Eines hat Peer Steinbrück am Donnerstag gleich schon einmal klargestellt. Sollte er im Herbst ins Kanzleramt einziehen, dann würde er nicht erneut die Kavallerie ausreiten lassen, wie er dies als Finanzminister – zumindest verbal – in der Diskussion um Steueroasen schon einmal tat und damit einen wunden Punkt in der Schweiz traf. Wer im Kanzleramt sitzt, wird hingegen die „Worte abwägen müssen“, sagte der SPD-Kanzlerkandidat nun in Berlin. Von diplomatischer Zurückhaltung war aber wenig zu spüren, als Steinbrück beim WDR-Europaforum danach gefragt wurde, was denn eigentlich so falsch sei am Sparkurs, an den sich die Staaten der Euro-Zone auf Wunsch von Kanzlerin Angela Merkel (CDU) halten müssen. Steinbrück kritisierte, dass Merkel sich in der Euro-Krise zu einseitig auf die Konsolidierung der Haushalte in den Krisenländern konzentriere. „Aus dem Heilfasten wird eine Magersucht in Europa“, polterte er.

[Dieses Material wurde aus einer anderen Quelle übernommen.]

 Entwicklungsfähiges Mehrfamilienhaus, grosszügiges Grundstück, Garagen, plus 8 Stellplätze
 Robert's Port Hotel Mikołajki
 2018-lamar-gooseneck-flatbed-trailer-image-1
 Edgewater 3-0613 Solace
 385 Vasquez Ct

Im Bundestag mag die SPD in den vergangenen Jahren zwar fast immer in Sachen Euro-Rettung auf der Seite der Kanzlerin gestanden haben. Der Kandidat Steinbrück aber legt größeren Wert darauf, die Differenzen zur Regierungschefin in der Europapolitik herauszuarbeiten. Das Krisenmanagement der Kanzlerin treibe die schwächelnden Euro-Staaten in einen Teufelskreis aus wirtschaftlichem Rückgang und steigender Arbeitslosigkeit, monierte der Kandidat. Zudem sei aus der Euro-Zone entgegen den Beteuerungen Merkels angesichts der milliardenschweren Rettungsschirme längst eine Haftungs- und Transferunion geworden.

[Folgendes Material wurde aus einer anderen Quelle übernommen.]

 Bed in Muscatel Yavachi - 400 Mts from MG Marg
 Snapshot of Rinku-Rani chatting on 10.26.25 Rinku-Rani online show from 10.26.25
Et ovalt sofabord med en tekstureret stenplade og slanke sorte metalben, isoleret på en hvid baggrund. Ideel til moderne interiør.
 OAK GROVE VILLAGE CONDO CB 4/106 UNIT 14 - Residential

Nachdenkliche Töne waren von Steinbrück indes zu hören, als es im Weltsaal des Auswärtigen Amts um die Rolle der Anti-Euro-Partei Alternative für Deutschland (AfD) ging. Auch wenn die AfD im Wahlkampf vor allem im Lager der Union und der FDP fischen dürfte, wollte Steinbrück seine Partei nicht in Sicherheit wiegen. Die AfD könne durchaus auch antieuropäische Ressentiments bei einigen SPD-Anhängern bedienen, gab er zu bedenken.

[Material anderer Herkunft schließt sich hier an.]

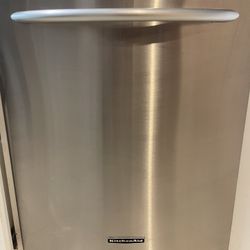 Kitchenaid Superba Dishwasher 24 In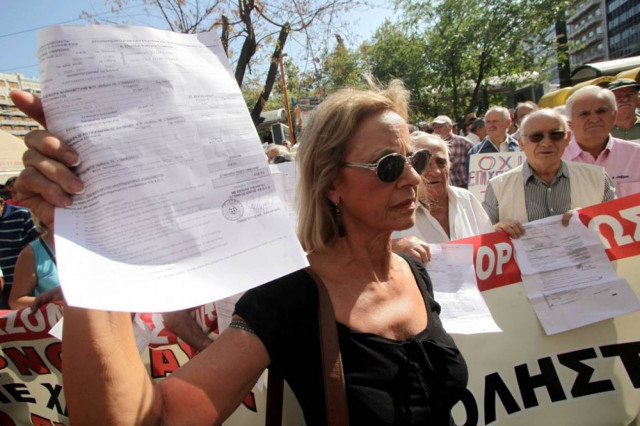 Διαμαρτυρία εκπαιδευτικών για τα χαράτσια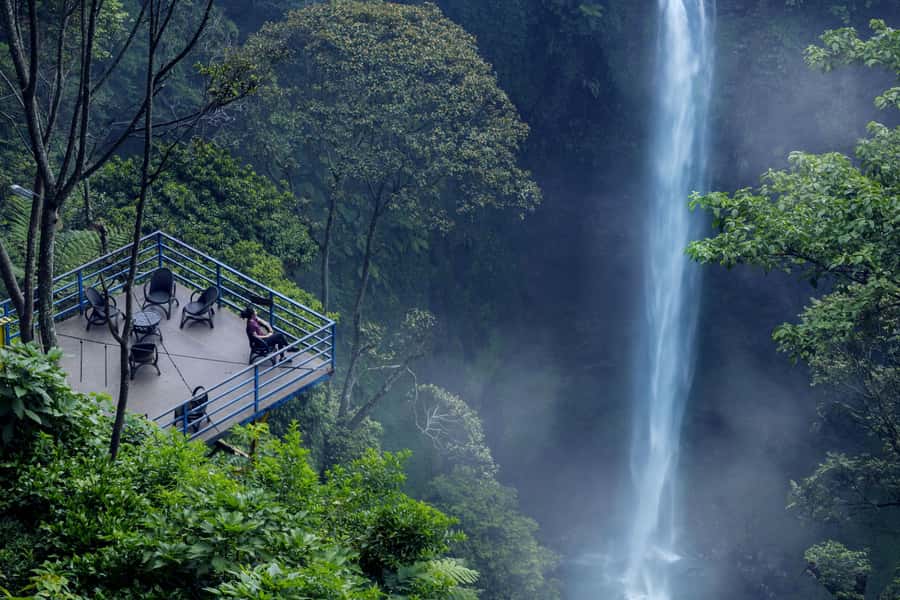 BANDUNG : MAKE CUSTOMIZED TOUR WITH CAR CHARTER AND DRIVER - North Bandung vs South Bandung, pick your theme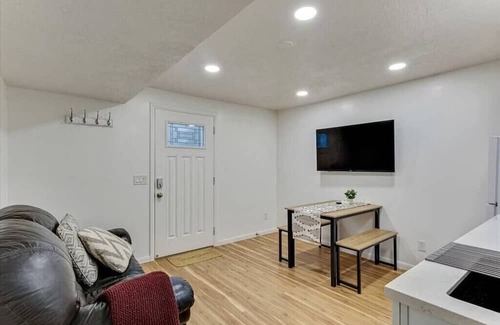 Sandy Maison | Canyon Cottage | Sandy | 2 bd 1 ba | Workspace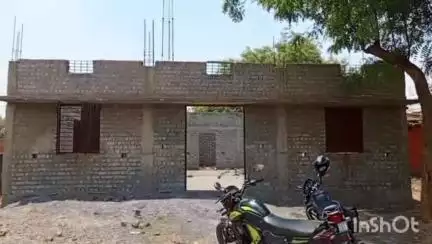 हरदी बाजार अधिवक्ता संघ का सामुदायिक भवन 2 वर्ष बीत जाने के बाद भी नहीं बन पाया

Den Vorwurf, dass Länder wie Griechenland oder Spanien in der Euro-Krise kaputtgespart würden, ließ Merkel anschließend nicht auf sich sitzen. Der These, dass es in diesen Ländern lediglich ums Sparen gehe, wolle sie „extrem widersprechen“, sagte die Kanzlerin. Zwar führe kein Weg daran vorbei, staatliche Strukturen in den Krisenländern zu verschlanken. Gleichzeitig seien aber etwa in Griechenland inzwischen entscheidende Strukturreformen angestoßen worden – beispielsweise die Reform des Steuersystems oder die Abschaffung von Zugangsbeschränkungen zu bestimmten Branchen und Berufen.

Merkel kündigte an, dass die Bundesregierung die Erfahrungen aus dem innerdeutschen Vereinigungsprozess mit der Bekämpfung der Jugendarbeitslosigkeit in die Diskussion auf europäischer Ebene einbringen wolle. Schließlich seien junge Menschen aus ihrem Wahlkreis in Mecklenburg-Vorpommern nach der Wende auf der Suche nach Arbeit auch nach Bayern und Baden-Württemberg gegangen. Nach diesem Modell sollten heute in Europa überall dort, wo es Arbeitsplätze gebe – also nicht zuletzt in Deutschland –, junge Menschen eingeladen werden, etwa durch Sprachkurse. In einigen Jahren werde es auch wieder eine „Rückwärtsbewegung“ geben, sagte Merkel.

Luxemburgs Regierungschef Jean-Claude Juncker listete indes eine ganze Reihe von Gegenmaßnahmen auf, mit denen sich die Jugendarbeitslosigkeit bekämpfen lasse: EU-Programme, nationale Investitionsprojekte und Strukturreformen. Solche Reformen „wirken aber nur langsam“, gab er zu. Dass auch Juncker angesichts von 19,2 Millionen Arbeitslosen in der Euro-Zone den Ernst der Lage erkannt hat, zeigte folgendes Bild: Im Grunde gebe es nicht nur 17 Staaten in der Euro-Zone, sagte der frühere Euro-Gruppenchef. Es gebe gewissermaßen auch einen 18. Staat – den der Arbeitslosen. Und um diesen 18. Staat müsse man sich kümmern. „Das tun wir auch“, beteuerte Juncker.